Anime Review: Minami-ke Okaeri

The story of the Minami sisters (and their extended cast of friends) is continued in Okaeri.


This should all be familiar material by now, but Minami-ke Okaeri continues in the tradition of depicting the ordinary lives of (relatively) ordinary people. I felt this iteration was missing the character focus of Okawari and the withering abuse of Kana by Chiaki that I enjoyed so much in the first season.

Mako-chan makes more frequent, albeit more toned down, appearances. Touma also becomes more integral to each story. If they’re supposed to be some commentary on gender identity, I’m not getting it. It’s more likely that the show’s producers just think cross dressing is really funny. Unfortunately we see that it isn’t. Comedy’s all in the material folks, and in this case there isn’t any.

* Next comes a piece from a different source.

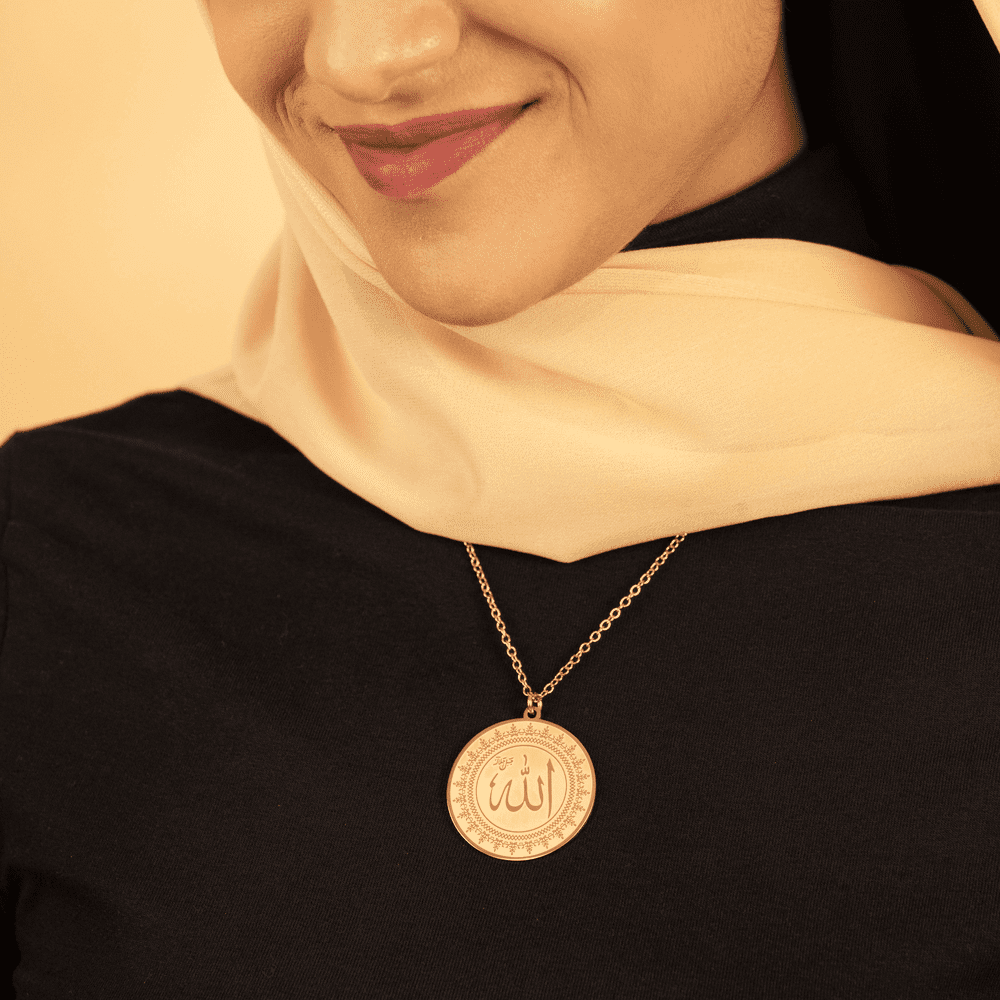 Allah Design Islamic Necklace-Gold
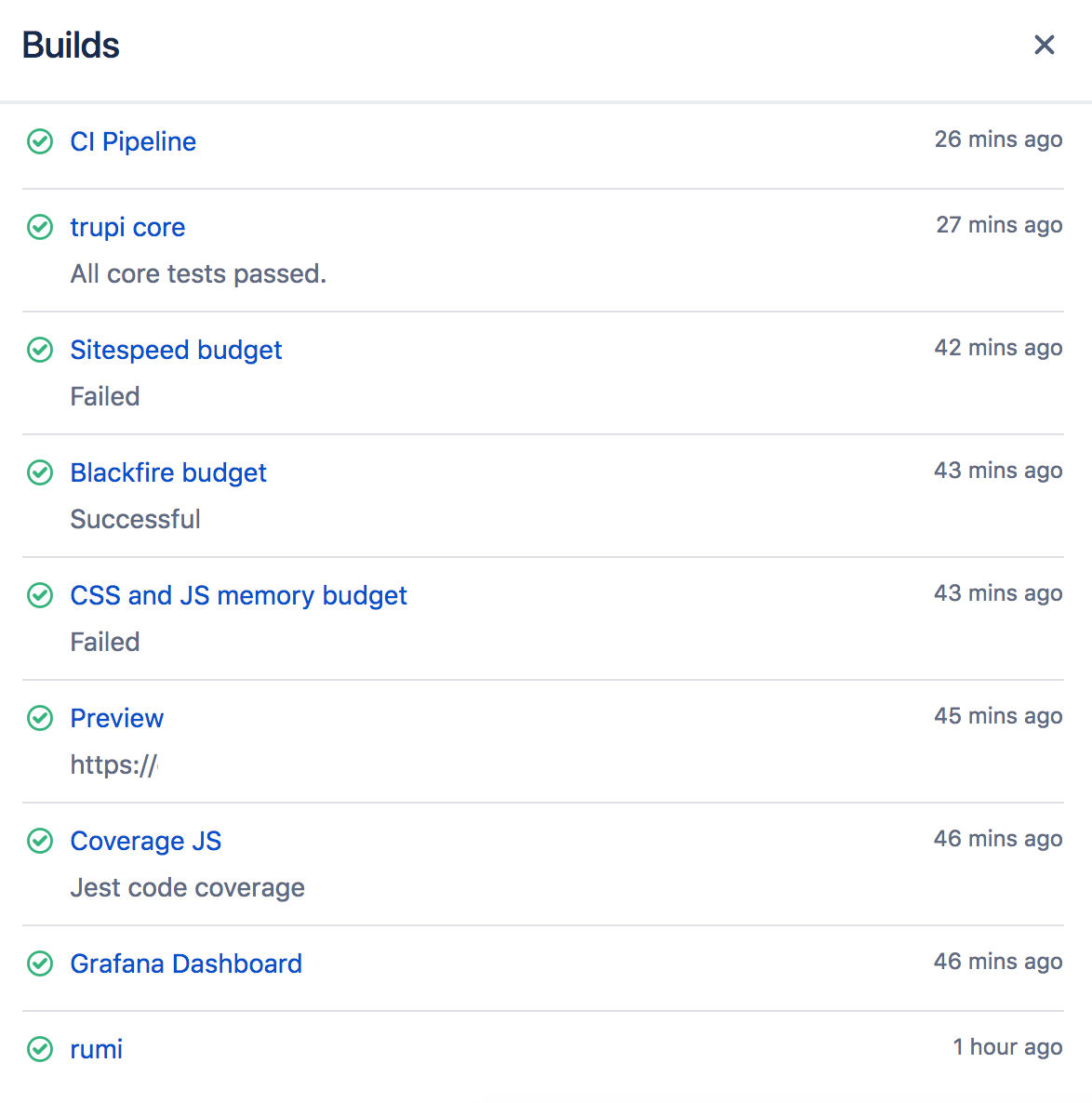 Build badges with success or failed messages in
Bitbucket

As far as storylines go, what you get is even less than Haruka’s meager character arc at the end of Okawari. This season returns to the vignette format of the first season. I’d describe it as one-third mediocre comedy, one-third experimentation, and one-third charming side stories. There aren’t many laugh out loud moments but the good ones are usually perpetrated by Chiaki and Kana. So maybe it’s time to stop thinking of Minami-ke as a comedy show, and more as a lightweight family drama.

There’s something strangely intriguing about Okaeri‘s forays into surreal fantasy, first demonstrated in the second episode when Chiaki’s inner angel and devil manifest. Incidentally these scenes manage to be cute and funny. Seeing a character’s thought process play out in such a way adds a layer of depth to an otherwise uninteresting scene. Then there’s also Hosaka, whose elaborate fantasies never fail to amuse.

Side stories usually involve Touma in some way, be it her relationship with her inept brothers or how Fujioka keeps thinking she’s a boy. The segments on the latter don’t particularly rile me up but Touma’s brothers can be a comedy gold mine. There’s also some measure of artistic truth to their situation – that despite the brainstorming of the three brothers, they still don’t understand Touma at all beacause they just won’t reach out to her. This is contrasted with the family dynamic of the Minami sisters, who have an innate understanding of each other (and Touma).

I would put Okaeri on par with the first season. I miss Chiaki’s relentless verbal abuse of Kana, but am also thankful that Makoto/Mako-chan is more of a human and less of a failed punch line. That said, this season still feels somewhat superfluous. There isn’t a progression of the series’ style; rather it regresses back to that of season one. Most of the vignettes work, sure, but it’s new kinds of stories that I’m interested in. Okaeri turns up a bit short in that respect.


This season attempts to do more with established characters rather than introduce new ones into the mix. The only new face is Hitomi (Natsuki’s friend in high school) but she only has lines in one episode. As for the rest, Touma’s role is greatly expanded. It’s partly due to her brothers neglecting her, a plot point that’s darkly humorous and also leads to Haruka scolding Natsuki. I think the borderline dysfunctional dynamic of the other Minami family is pretty funny, except Touma herself is kind of annoying and selfish – a miniature Kana with less charm.

Mako-chan shows up regularly too, concerned about his fake entry into womanhood (his unladylike physique in particular). You have to chuckle when the original motive for Makoto’s transformation to Mako-chan has been dropped completely, and now he must be the best woman he can be simply because it was the identity forced upon him (by Kana, naturally). Less funny is Fujioka’s continued inability to woo Kana, although he has been appropriated by Chiaki. Knowing Chiaki, she probably sees him more as a pet than as a friend.

Also returning are Hosaka and his elaborate fantasies. Like Robert Downey, Jr., Hosaka marches into each scene with machismo and gusto, and chews up whatever scenery he’s put in front of. The irony of all this of course is that he’s almost completely ignored by Haruka, the focus of his affections, even though we viewers are utterly entranced by him. I don’t think it’s a stretch to say he’s the best character of the show.

Our central trio, Haruka, Kana, and Chiaki, spend surprisingly little time together. The last episode brings them together, and I enjoyed seeing that even though Chiaki and Kana antagonize each other all the time, they’re still very much attached.

In general it can be said that the character writing serves the dramatic situations. Okaeri does a lot to establish its cast, but not as much to develop. We see each week that Touma is neglected by her brothers, for example, but we don’t see the resolution to that problem. We don’t see Touma change because of it. Still, this cast has come really far in terms of watchability. Even when the writing falls flat, the main cast is able to prop up the scene.


Okaeri more or less returns to the art style of the first season, but swaps out the old character designs for lankier ones that are less appealing to me. I don’t understand the change in visual design each season. I suppose as long as the characters are still recognizable, it’s all right. Otherwise, the sound and voice acting are all the same as before (though I do like Chiaki’s angel/devil theme).